This thesis provides a new approach of designing support vector machines (SVMs) with Gaussian kernel functions for multicategory classification: for the given training samples of multicategory classification, methodologies of how support vectors can be selected among training samples and how discriminant functions can be constructed for classifying the data, are suggested. A short background about generalization bound describing the relationship between the general and empirical risks of SVMs, is also described. For the classification problem, the SVM constructs the discriminant function representing the separating hyperplane in the sense of the structural risk minimization (SRM) principle, that is, optimizing the structure of SVM in the sense of minimizing the general risk. One weak point in this approach is that the SVM is intrinsically linear. For the nonlinear decision boundary, the SVM employs nonlinear kernel such as Gaussian kernel function instead of linear units. However, in this case, there is no systematic way of determining the kernel parameters using the SVM algorithm.
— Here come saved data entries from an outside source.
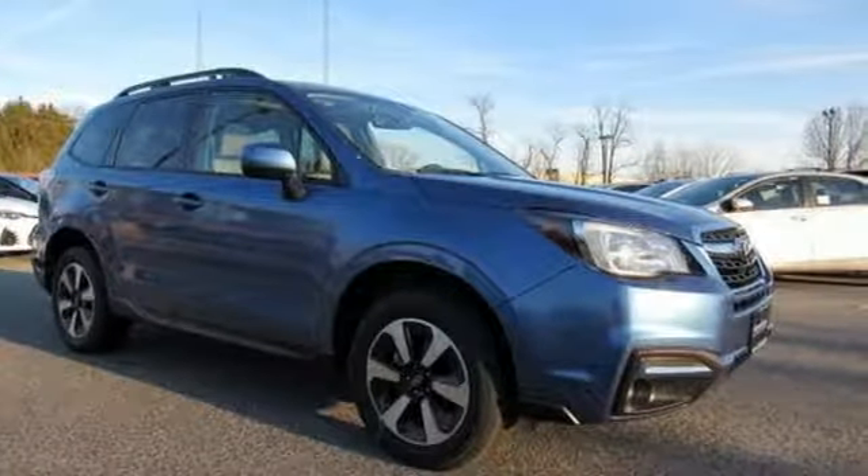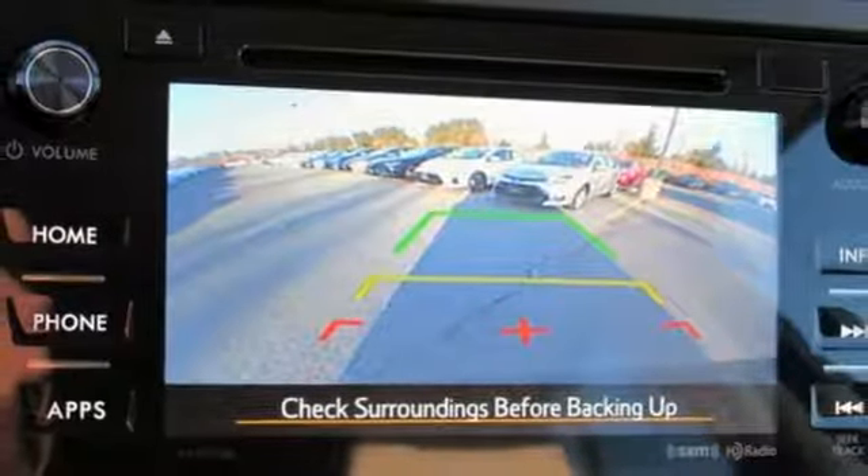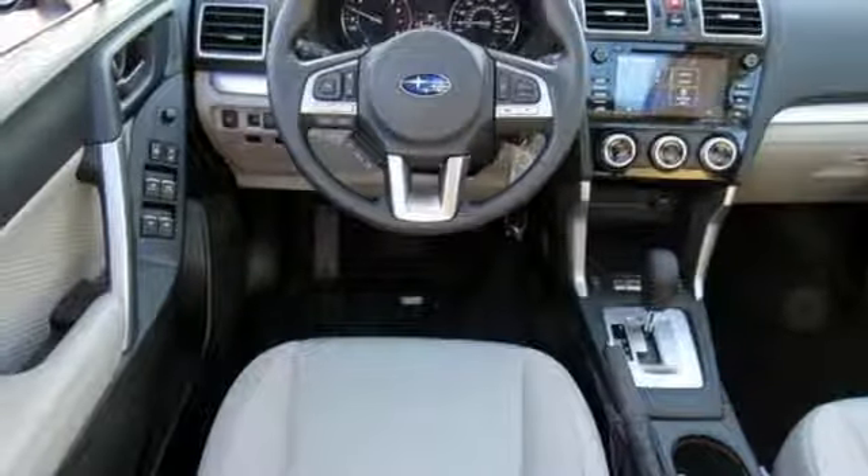Staying connected is simple with Bluetooth and the Subaru Starlink multimedia touchscreen. The rear-vision camera, cargo area underfloor storage, and grocery back-end tie-down hooks add loads of convenience.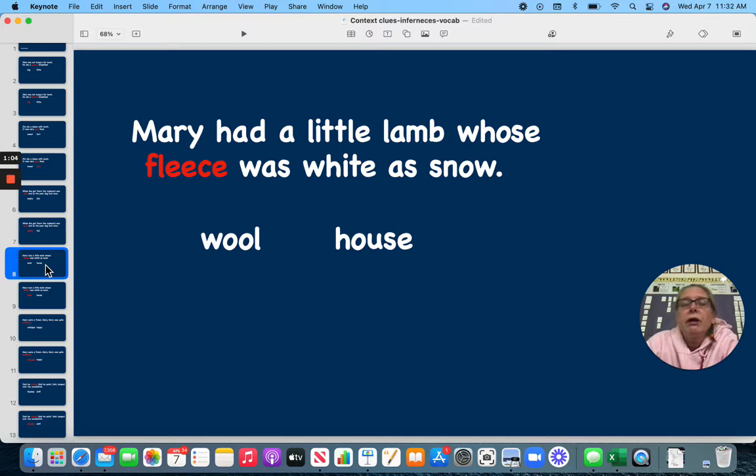This is another nursery rhyme. Mary had a little lamb whose fleece was white as snow. You know what fleece is? Is that the wool or the house? The fleece — it's the wool.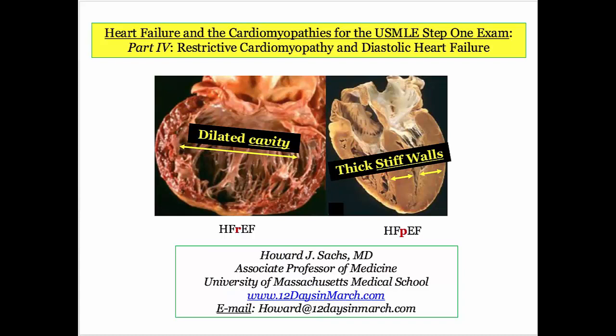Welcome back to 12 Days in March. I hope you had a nice break. In this video, we'll complete the heart failure series, finishing up with restrictive cardiomyopathy and its overlap with diastolic heart failure.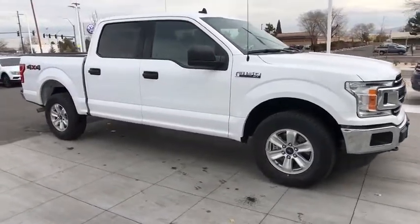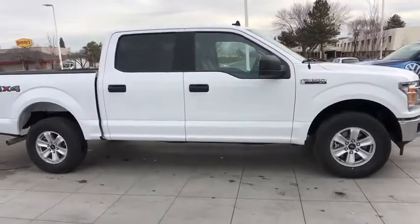This vehicle has less than 30,000 miles. Here are some of this vehicle's great options.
In this sense, a new approach of determining the parameters of kernel functions in the sense of minimizing mean square error (MSE) after selecting the support vectors, is considered. The suggested algorithm is composed of two parts: 1) the first part is selecting support vectors among training samples using the optimization technique for a quadratic function defined by the summation of decision error and regularization term such as norm square of weight parameters of an estimation network, and 2) the second part is estimating the parameters of SVM with kernel functions using the minimization algorithm of mean square error. To show the effectiveness of suggested approach, the simulation for the classification of various benchmark data from UCI machine learning group is
performed.
이 논문은 SVM을 기본으로 새로운 분류방법을 연구하였습니다.
우선, 이차함수의 최적화 방법을 이용해서 학습자료에서 support vetor들을 선택하였고, 그리고나서 kernel을 이용한 SVM에서의 변수들을 평균제곱오차 알고리즘의 최소화방법을 이용해 최적화시켰습니다. 우리는 이러한 방법으로 UCI 기계학습그룹에서 얻은 다양한 benchmark 자료들을 분류하여 그 효율성을 살펴보았습니다. 이 시뮬레이션 결과는 제시된 방법이 분류 수행에 있어서 효과적임을 보여주고 있습니다. 하지만, 선택되어진 support vetor들간에 결정적인 역할을 하는 support vector를 찾는 문제와 최적의 수행을 함에 있어서의 판별함수를 만들기위해서 support vector들을 어떻게 조합해야 하는지가 우리들의 과제로 남아있습니다.